- Opening Delimiter -

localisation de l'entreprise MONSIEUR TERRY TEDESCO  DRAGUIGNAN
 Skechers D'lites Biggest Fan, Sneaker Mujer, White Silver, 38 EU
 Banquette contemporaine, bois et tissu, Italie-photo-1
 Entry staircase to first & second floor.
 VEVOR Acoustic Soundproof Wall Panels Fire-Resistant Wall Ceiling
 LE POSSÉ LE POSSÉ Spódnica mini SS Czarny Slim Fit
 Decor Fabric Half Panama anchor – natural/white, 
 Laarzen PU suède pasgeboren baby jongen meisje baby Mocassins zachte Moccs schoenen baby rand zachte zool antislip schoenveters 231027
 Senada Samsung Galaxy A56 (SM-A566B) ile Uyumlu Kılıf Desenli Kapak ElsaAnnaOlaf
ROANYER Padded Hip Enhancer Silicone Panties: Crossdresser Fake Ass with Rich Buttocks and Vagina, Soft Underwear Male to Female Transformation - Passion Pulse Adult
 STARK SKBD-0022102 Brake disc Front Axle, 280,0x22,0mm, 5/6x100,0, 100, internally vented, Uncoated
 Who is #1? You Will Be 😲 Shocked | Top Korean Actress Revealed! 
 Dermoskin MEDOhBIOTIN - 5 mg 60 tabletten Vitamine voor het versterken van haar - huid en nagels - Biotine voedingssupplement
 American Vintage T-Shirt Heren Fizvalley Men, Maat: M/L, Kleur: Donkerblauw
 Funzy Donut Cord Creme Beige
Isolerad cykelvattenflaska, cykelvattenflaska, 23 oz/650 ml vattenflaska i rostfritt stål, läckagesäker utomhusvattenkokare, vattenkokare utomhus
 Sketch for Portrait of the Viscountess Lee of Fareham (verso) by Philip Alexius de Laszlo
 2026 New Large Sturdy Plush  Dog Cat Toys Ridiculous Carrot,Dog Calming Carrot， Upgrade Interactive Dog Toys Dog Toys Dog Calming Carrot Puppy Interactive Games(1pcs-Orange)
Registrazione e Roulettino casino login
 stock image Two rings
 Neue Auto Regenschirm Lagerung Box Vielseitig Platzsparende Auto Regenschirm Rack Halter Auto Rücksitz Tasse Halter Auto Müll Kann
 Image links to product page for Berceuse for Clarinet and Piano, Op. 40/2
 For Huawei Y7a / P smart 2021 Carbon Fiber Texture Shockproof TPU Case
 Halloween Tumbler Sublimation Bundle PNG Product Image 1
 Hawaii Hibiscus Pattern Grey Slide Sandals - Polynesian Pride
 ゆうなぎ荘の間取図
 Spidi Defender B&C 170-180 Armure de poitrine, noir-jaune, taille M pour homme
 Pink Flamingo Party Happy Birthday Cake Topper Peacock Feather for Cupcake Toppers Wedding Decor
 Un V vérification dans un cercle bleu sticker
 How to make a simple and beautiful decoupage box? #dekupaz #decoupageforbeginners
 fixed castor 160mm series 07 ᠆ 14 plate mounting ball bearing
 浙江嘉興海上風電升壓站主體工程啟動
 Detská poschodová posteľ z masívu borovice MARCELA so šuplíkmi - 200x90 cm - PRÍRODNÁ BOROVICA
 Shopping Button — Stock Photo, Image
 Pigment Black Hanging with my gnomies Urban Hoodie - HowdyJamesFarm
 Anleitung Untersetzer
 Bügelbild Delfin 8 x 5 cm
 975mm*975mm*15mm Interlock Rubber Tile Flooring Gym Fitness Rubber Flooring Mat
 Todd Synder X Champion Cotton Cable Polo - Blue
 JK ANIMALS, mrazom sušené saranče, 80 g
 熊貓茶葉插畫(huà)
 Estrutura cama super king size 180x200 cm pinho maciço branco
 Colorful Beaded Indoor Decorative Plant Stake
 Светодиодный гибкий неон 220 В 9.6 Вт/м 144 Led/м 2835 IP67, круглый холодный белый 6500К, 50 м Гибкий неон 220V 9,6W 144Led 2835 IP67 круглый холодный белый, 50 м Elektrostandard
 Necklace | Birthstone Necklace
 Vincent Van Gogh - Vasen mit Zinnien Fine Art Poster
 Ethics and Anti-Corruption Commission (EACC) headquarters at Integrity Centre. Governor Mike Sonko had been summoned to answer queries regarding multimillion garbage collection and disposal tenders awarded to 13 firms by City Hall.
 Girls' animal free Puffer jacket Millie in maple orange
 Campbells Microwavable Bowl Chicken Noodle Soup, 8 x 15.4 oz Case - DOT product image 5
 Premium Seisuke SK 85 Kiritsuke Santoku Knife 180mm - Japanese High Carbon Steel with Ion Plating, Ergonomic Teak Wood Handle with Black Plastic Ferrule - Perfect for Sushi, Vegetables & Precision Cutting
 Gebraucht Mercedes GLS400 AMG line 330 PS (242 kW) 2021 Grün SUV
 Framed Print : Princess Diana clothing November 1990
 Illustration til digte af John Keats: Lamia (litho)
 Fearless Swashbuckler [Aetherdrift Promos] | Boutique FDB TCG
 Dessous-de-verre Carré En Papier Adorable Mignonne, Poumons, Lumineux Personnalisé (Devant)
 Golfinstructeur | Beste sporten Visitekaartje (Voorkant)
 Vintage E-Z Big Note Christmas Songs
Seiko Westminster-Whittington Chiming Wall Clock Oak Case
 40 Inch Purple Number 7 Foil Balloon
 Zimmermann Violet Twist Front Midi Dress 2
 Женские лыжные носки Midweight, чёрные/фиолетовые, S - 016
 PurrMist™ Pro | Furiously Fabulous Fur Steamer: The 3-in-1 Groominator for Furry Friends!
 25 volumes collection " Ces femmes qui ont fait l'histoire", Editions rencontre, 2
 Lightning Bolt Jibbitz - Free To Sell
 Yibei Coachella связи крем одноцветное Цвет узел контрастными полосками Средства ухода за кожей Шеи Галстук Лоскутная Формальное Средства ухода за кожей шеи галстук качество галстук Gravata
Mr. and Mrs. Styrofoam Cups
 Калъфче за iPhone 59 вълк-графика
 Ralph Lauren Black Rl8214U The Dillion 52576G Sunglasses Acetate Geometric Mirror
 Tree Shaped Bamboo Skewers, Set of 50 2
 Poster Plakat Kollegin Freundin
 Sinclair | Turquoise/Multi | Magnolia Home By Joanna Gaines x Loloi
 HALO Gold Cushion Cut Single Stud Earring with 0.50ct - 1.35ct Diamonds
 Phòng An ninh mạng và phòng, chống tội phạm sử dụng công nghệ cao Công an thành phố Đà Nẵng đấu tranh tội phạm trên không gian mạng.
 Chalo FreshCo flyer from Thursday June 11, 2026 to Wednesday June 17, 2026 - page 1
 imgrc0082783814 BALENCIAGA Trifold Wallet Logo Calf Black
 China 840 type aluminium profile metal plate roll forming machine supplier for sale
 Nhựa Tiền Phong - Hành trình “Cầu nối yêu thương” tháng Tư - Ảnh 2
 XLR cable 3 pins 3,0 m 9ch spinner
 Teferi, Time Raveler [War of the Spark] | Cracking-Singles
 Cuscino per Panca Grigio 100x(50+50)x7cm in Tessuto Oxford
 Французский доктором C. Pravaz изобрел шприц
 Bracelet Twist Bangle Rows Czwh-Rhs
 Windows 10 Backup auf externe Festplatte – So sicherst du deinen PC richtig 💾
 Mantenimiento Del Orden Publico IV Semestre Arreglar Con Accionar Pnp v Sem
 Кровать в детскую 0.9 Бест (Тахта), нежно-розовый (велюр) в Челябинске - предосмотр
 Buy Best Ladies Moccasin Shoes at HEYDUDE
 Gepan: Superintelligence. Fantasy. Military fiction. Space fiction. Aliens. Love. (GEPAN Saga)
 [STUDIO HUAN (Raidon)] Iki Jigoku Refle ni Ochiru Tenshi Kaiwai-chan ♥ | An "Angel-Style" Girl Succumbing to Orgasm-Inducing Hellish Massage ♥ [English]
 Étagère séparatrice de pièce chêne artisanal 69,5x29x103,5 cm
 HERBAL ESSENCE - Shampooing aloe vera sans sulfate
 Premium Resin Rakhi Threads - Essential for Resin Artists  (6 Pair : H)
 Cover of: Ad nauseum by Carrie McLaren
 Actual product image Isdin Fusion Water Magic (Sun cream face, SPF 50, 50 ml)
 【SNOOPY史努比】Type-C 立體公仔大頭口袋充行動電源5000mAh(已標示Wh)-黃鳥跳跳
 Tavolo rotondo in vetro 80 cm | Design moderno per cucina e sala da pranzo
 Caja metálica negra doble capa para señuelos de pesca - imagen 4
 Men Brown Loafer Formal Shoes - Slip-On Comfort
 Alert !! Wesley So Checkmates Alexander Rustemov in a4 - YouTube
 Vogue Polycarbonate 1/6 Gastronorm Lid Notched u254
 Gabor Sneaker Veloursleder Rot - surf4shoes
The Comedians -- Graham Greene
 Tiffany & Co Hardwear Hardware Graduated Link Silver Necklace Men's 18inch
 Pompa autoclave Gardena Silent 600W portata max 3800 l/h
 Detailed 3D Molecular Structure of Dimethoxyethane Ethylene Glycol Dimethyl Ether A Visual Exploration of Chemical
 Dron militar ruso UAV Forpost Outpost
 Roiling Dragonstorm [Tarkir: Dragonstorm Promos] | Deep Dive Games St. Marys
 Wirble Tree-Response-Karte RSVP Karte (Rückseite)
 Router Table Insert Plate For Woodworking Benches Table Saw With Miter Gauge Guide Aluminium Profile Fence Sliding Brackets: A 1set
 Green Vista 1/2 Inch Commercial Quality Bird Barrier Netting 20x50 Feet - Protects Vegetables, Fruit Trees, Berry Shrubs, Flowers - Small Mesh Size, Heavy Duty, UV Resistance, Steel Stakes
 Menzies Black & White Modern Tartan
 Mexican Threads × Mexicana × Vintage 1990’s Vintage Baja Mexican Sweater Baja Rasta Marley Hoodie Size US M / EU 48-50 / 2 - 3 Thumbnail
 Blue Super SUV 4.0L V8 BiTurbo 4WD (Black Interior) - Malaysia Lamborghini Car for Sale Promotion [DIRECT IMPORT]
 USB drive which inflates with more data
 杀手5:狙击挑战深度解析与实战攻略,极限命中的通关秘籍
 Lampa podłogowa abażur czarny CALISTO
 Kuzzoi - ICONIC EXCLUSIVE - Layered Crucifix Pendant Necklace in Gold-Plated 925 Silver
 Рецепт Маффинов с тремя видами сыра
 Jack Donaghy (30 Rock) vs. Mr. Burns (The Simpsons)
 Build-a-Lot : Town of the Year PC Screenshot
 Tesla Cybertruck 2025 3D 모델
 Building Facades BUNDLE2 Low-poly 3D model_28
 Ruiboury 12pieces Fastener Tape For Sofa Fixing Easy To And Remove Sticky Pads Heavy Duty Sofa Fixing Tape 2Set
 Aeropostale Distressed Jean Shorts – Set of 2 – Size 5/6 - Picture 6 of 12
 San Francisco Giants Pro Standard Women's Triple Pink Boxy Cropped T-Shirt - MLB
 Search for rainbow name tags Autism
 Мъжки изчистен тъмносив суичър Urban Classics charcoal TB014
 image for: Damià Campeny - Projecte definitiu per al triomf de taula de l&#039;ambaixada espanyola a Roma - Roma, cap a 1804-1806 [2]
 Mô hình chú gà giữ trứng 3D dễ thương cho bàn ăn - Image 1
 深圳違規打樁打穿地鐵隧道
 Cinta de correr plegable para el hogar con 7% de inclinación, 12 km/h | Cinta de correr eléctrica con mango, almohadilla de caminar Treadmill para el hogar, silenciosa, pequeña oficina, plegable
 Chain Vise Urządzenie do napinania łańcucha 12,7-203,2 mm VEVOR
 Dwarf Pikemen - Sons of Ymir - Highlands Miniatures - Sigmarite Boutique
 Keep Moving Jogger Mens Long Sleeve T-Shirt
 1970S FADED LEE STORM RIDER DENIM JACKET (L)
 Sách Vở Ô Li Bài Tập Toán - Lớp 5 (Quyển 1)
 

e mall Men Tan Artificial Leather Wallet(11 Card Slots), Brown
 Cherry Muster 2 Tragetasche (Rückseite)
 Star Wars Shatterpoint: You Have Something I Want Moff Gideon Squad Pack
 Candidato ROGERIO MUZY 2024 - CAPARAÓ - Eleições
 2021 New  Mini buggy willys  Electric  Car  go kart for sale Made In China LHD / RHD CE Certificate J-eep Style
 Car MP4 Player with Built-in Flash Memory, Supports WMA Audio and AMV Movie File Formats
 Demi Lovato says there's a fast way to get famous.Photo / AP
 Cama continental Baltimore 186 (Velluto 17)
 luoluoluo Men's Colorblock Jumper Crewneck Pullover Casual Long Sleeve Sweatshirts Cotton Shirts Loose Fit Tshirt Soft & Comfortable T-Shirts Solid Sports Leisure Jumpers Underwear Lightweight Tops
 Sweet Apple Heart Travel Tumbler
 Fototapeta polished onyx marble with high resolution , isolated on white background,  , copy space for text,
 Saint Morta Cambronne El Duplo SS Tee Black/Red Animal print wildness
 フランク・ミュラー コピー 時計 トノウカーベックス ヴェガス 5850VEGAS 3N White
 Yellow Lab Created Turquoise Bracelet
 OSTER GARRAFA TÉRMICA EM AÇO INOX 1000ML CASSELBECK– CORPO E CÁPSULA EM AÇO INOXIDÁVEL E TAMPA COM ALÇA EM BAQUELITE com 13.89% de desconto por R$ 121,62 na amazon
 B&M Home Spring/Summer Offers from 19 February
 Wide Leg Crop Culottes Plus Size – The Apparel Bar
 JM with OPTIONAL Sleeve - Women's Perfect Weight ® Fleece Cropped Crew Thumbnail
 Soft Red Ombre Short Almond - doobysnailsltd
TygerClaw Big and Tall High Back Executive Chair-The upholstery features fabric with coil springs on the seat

- Closing Delimiter -

Lines containing the word "Perfect" must be found in the data above and copied.

*Exercise answer*
 Premium Seisuke SK 85 Kiritsuke Santoku Knife 180mm - Japanese High Carbon Steel with Ion Plating, Ergonomic Teak Wood Handle with Black Plastic Ferrule - Perfect for Sushi, Vegetables & Precision Cutting
 JM with OPTIONAL Sleeve - Women's Perfect Weight ® Fleece Cropped Crew Thumbnail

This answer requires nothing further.